British costume dramas occupy their own familiar genre, one traditionally full of class and gender conflicts. However, its heroes and heroes have been overwhelmingly Caucasian, with the odd foreign prince or noble slave character appearing at the margins. "Belle" therefore immediately stands out from all the rest, because its titular heroine, Dido Belle (Gugu Mbatha-Raw), based on a real 18th century woman of the same name, is of mixed race with dark skin. The daughter of a Royal Navy officer, raised in the household of her uncle, Lord Mansfield (Tom Wilkinson), a prominent judge, Dido is an anomaly in British society. Her family is painfully aware of her status, and so Dido is kept hidden away until she is grown up, and the question of her future becomes unavoidable.

It's always wonderful to find a film that defies easy categorization. Clearly "Belle" has antecedents as a period romance and as an abolitionist narrative. The film takes place in 1779, in the waning days of the slave trade. However, Dido's search for love and acceptance requires directly confronting the issue of her race and color. The sisterly relationship between Dido and her cousin Elizabeth (Sarah Gadon), who Dido regularly measures herself against, is at least as vital to the film as the romantic relationship that develops between Dido and the young lawyer John Davinier (Sam Reid) she falls in love with. And as a woman of means and a certain social standing, her relationship to the slave trade is very different from that of the black victims we usually see in abolition stories.

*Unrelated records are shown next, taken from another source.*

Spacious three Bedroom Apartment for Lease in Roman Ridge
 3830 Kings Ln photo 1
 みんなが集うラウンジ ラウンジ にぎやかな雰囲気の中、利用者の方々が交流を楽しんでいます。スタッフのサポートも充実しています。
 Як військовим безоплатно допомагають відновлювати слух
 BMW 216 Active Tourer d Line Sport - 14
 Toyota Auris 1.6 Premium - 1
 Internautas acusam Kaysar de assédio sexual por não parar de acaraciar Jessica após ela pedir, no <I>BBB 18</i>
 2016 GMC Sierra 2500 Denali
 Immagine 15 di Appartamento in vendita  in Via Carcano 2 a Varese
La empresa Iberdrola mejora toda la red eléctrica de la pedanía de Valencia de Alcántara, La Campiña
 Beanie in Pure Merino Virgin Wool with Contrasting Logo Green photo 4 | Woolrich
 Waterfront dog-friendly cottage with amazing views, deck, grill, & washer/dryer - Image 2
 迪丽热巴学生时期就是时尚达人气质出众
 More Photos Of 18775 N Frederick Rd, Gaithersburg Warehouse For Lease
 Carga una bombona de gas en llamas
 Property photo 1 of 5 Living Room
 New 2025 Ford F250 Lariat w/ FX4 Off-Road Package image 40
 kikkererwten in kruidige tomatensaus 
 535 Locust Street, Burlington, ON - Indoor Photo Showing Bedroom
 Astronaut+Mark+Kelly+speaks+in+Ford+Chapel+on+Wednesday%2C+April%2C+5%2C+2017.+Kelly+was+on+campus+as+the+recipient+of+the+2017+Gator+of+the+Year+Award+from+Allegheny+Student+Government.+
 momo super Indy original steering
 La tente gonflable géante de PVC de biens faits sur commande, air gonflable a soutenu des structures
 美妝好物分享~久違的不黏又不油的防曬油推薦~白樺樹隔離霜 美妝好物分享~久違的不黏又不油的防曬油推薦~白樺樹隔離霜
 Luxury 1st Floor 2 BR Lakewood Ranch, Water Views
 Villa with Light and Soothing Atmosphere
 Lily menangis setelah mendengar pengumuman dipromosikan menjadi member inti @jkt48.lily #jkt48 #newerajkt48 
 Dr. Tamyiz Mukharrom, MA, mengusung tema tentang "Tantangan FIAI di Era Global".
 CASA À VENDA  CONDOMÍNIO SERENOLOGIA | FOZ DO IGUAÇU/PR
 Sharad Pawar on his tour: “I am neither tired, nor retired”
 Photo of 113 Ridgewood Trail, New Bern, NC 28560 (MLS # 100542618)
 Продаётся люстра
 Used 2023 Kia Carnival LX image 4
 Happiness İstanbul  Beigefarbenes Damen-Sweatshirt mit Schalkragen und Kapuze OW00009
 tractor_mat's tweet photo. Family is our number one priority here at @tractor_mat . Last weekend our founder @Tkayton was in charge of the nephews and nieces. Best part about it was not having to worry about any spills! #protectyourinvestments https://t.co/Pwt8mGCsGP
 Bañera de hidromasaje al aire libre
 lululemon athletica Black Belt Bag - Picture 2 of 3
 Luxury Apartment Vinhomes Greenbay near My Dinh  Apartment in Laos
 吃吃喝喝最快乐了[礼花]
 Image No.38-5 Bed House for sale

The first two thirds of "Belle" are excellent as it follows the gradual blossoming of its heroine into a self-confident young woman who takes control of her own life and destiny. It is especially good at establishing all the hurdles, great and small, that she faces in her life, from the well-meaning restrictions set by her own family to the naked disdain expressed by outsiders. Gugu Mbatha-Raw's performance as Dido is very appealing, and she has no trouble carrying the film despite only a short list of previous credits. She also has no shortage of help from the supporting cast, which is full reliable players - In addition to Wilkinson, Emily Watson, Miranda Richardson, Matthew Goode, and Penelope Wilton all appear in smaller roles.

I'm sorry to say that the ending of "Belle" is very formulaic, much of it an obvious fabrication that plays up a lot inspirational, feel-good melodramatics so that the viewer can walk away with a happy ending. Long-ingrained prejudices seem to evaporate instantly, and social conventions are overturned willy nilly. It even has a courtroom scene that seems to have been plucked out of a different film altogether. Still, even the most tired and overplayed moments gain poignancy from the fact that we are seeing a person of color at the center of this story. Dido Belle is a unique character in cinema, whose very presence gives the film a weight and importance that is impossible to ignore.

There's a defining scene between Dido and Elizabeth where the two have a thinly veiled confrontation over their respective social disadvantages. The matter or Dido's skin color is never brought up, though it is clearly on both women's minds. The subject is too volatile to be addressed directly, even though the two are as close as sisters and Elizabeth doesn't think of Dido as her inferior. The fact that Dido can speak to Elizabeth as an equal is as rare and extraordinary as the fact that she actually takes the opportunity to do so. "Belle" would have been stronger if it had been subtler and resisted the urge to grandstand in the final act, but it does play many complicated moments like this just right.

This is the second film by Amma Asante, a Black British director who is quickly rising to prominence. Her ability to get strong performances from her actors and her choice of subject matter make her one to watch out for. Asante's next project looks to be a far more conventional thriller for Warner Brothers, but I hope that she keeps making films as unique and challenging and necessary as "Belle."